I have always understood that unit tests must inherently be deterministic for the reason you explain.

A small test that is not deterministic is testing something other than "the unit" since there is another independent variable unaccounted for, often the state of the database or the configuration of a test environment.

Not that unit tests are perfect. Unit testing a concurrent data structure without threads (which are inherently nondeterministic) is not especially useful.

2 comments

I see there as being a tension between determinism and mocking. Classic TDD dogma says to mock super close to the unit under test, so that the only logic in play is the logic within that unit.
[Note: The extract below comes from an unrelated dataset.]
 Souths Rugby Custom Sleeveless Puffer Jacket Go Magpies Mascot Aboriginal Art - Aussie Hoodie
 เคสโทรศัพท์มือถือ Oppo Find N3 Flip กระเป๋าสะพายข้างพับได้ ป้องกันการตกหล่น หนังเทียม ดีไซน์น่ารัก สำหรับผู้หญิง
Which is all well and good, but there's lots of code out there where the stuff that breaks is the stuff on the interfaces; once you mock that out, you've removed a significant chunk of what might legitimately break, and the therefore diminished the value of the test.
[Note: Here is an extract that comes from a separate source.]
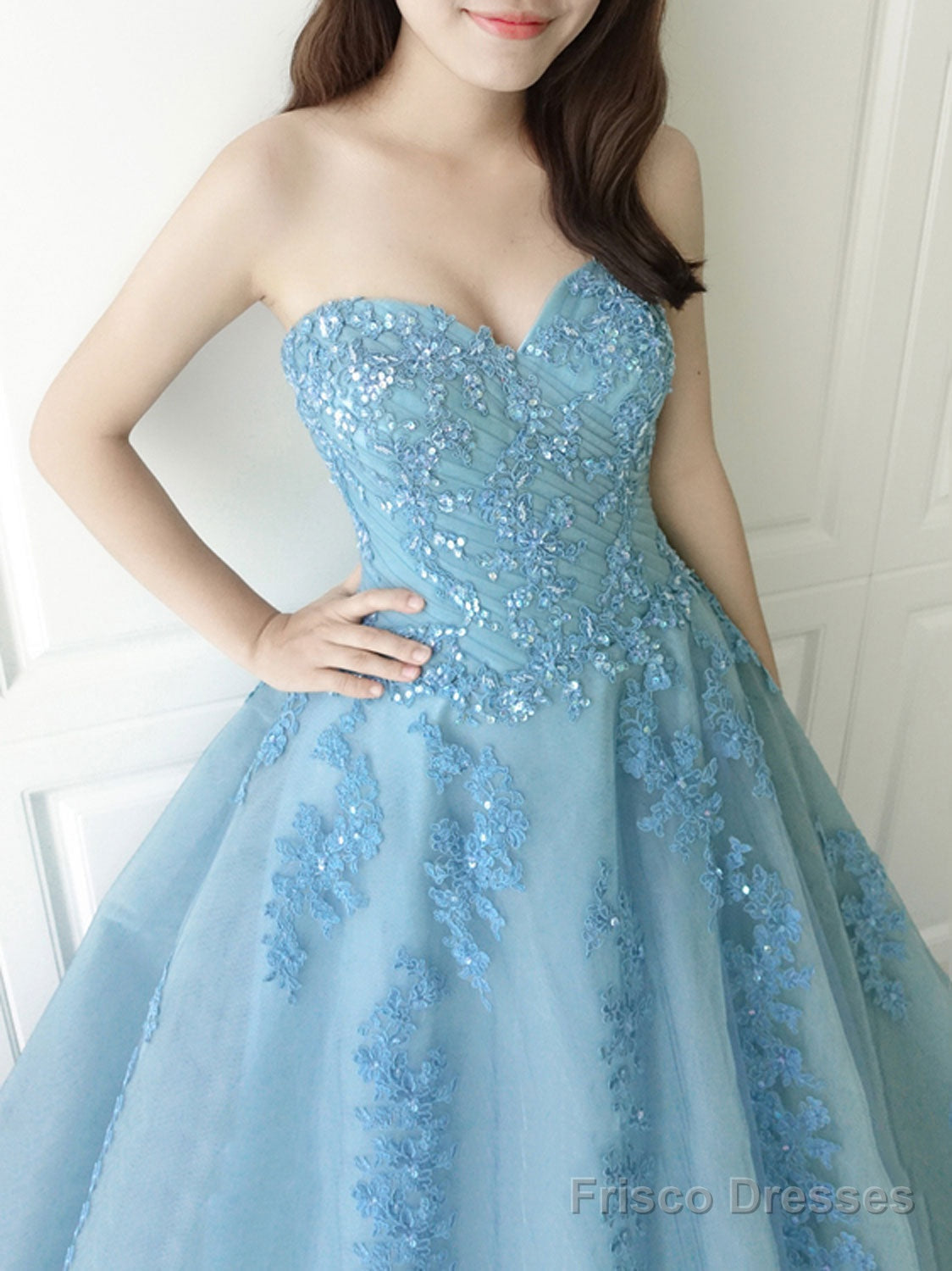 Blue Sweetheart Neck Tulle Lace Long Prom Dress, Blue Tulle Formal Dress Secondary image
So it's a balance. Sometimes it really is worth it to just attack that one function with its weird snarl of if statements and initial conditions— totally. But there are other cases where part of what you want is to inspect what happens in the adjacent object, on a different thread, as a result of stimulating something under test conditions. This isn't wrong, and these kinds of tests can be really hard to get completely deterministic, especially if the CI environment is some heavily-loaded VM host with totally different thread switching characteristics from your laptop.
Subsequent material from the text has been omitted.